5 More importantly, given the enormity of Piso’s physical injuries — near total debilitation — we believe that the challenged medical entry had virtually no evi-dentiary weight, and, thus, its exclusion was not reversible error. Weirton contends that the statement was relevant to show that Piso’s rehabilitation might be impaired by his drinking “habit.” Any significance of such an allegation pales when one considers the obvious source of any difficulty that Piso has experienced in attempting to rehabilitate himself — the loss of an arm, a leg, and a thumb on his remaining hand.*526 Third, Weirton contends that in its charge the court erroneously referred to Piso as “totally and permanently disabled” because “this issue was not properly supported of record.”If the evidence so warrants, a court may instruct a jury that they may award damages for permanent disability. Comey v. The Philadelphia Traction Co., 175 Pa. 133, 34 A. 621 (1896). Further, permanent disability has been defined as the inability to perform any of the duties of any occupation which the plaintiff might be ordinarily capable of performing. Moscowitz v. Prudential Insurance Co., 154 Pa. Superior Ct. 362, 35 A. 2d 567 (1944). A person permanently disabled need not be a bedridden invalid. Pearlman v. Metropolitan Life Insurance Co., 336 Pa. 444, 9 A. 2d 432 (1939).

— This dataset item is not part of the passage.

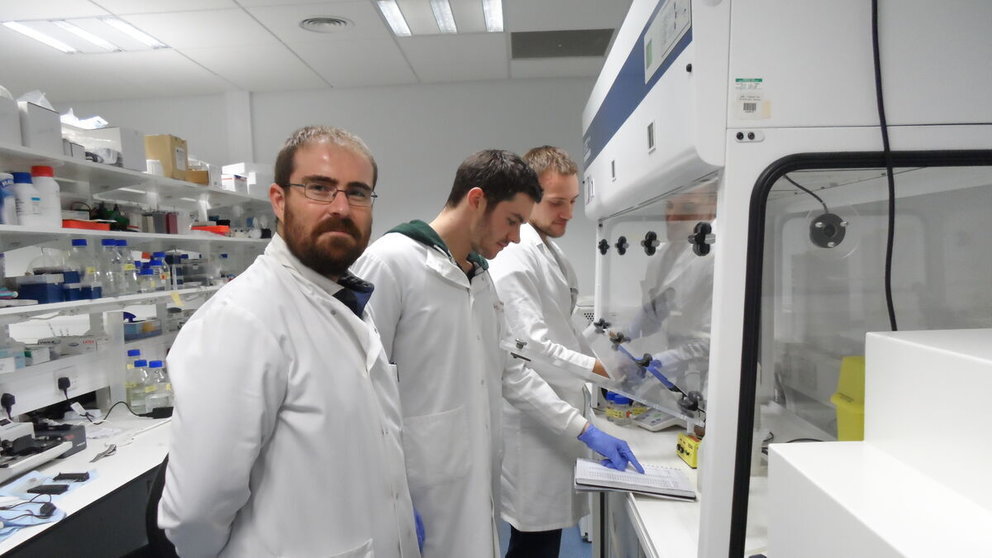 El científico español Asier Unciti, en el laboratorio del Institute of Genetics and Cancer de la Universidad de Edimburgo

We agree with the lower court’s opinion that Weir-ton’s argument on this point is “naive and incredible.” Piso’s physical injuries are massive, permanent, and debilitating. He does not even have a complete hand with which to write or with which to manipulate even the most simple tool. Further, both of Piso’s doctors testified that they knew of no job which Piso was now suited to perform. Dr. Covalt was part of a rehabilitation team in the NYU facility which, in the doctor’s words, “could not put a finger on a job that he might do.” In addition, any future educational possibilities were viewed as unrealistic. In light of such overwhelming testimony and the absence of proof that some employment was reasonably within Piso’s capability, we find no reversible error in the lower court’s charge.
Weirton also contends that the lower court’s charge unfairly emphasized the damages in Piso’s case. Our review of the charge as a whole indicates that the court fairly and fully instructed the jury. Further, pursuant to a request by Weirton, the court gave the following additional cautionary instruction: “. . . Neither does the fact that we have charged you at some length on
*527 the measure of damages mean that we are attempting to infer or imply that your verdict should be for the plaintiff. If it is your opinion that we have discussed one part or theory of the case at greater length than another, you are not to assume that this Court has sought to lead you to accept a certain view or render a verdict for either of these parties as against the other. You keep in mind that this Court is totally neutral. You alone are the judges of the these facts. . . .”Finally, Weirton contends that the court erred in denying its motion to mold the verdict and to order Stuart to indemnify it under an indemnification clause in the contract between the two parties.
The specific contract provision stated:
“18. INJURY OR DAMAGE TO PERSONS AND PROPERTY: Contractor shall be solely responsible for and shall hold Owner free and harmless from any and all losses, expenses, damages, demands and claims arising out of or in connection with injuries (including death) or damages to any and all persons, employees and/or property in any way sustained or alleged to have been sustained in connection with or by reason of the performance of the work by contractor, its subcontractors, agents or employees.”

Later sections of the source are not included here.